## Exercise data
§

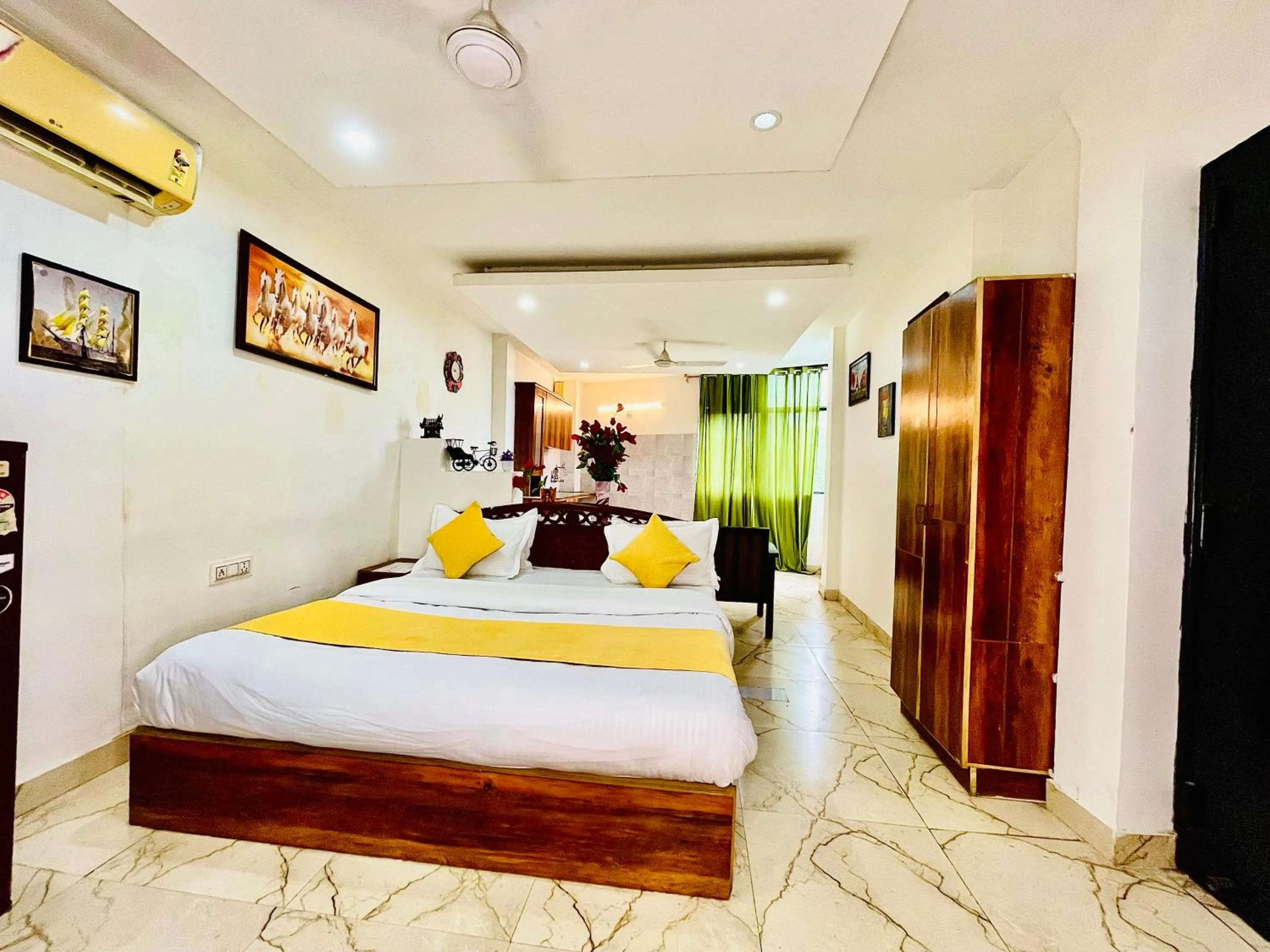 Bed in Hotel Hauz Khas Inn Near Hauz Khas Fort and Deer Park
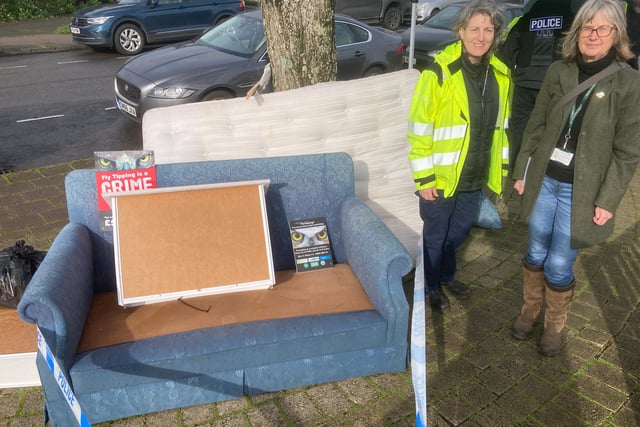Fly-tipping event raises awareness in Dartmouth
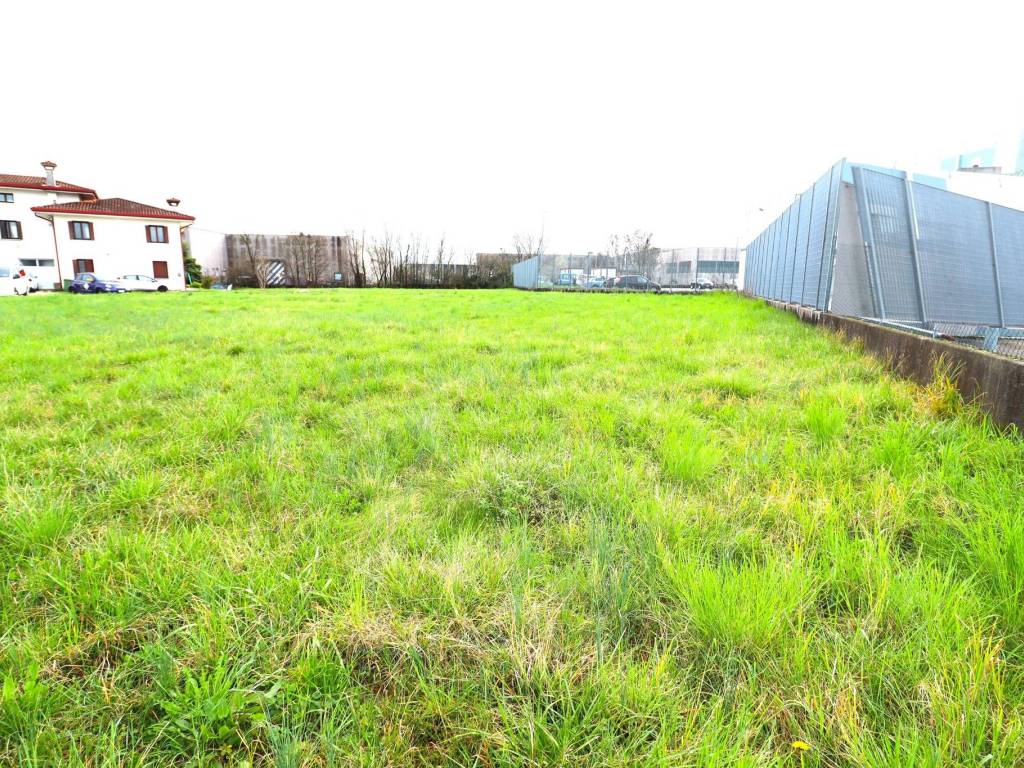 Terreno a Pordenone in Via delle Crede, 6 - Foto 4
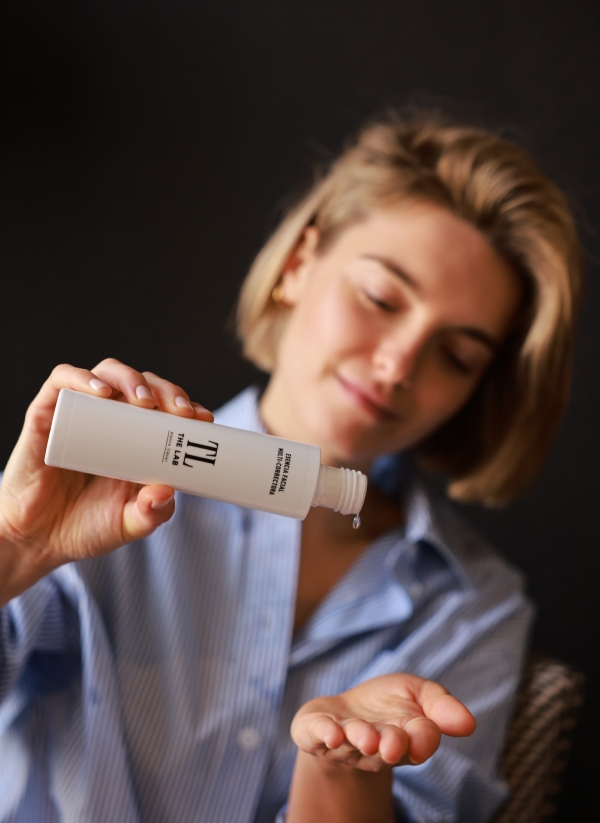 ESENCIA FACIAL MULTI-CORRECTORA 150ML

§

The data must be repeated exactly. Any pictures in it are to be left out.

## Finished task
 Bed in Hotel Hauz Khas Inn Near Hauz Khas Fort and Deer Park
Fly-tipping event raises awareness in Dartmouth
 Terreno a Pordenone in Via delle Crede, 6 - Foto 4
 ESENCIA FACIAL MULTI-CORRECTORA 150ML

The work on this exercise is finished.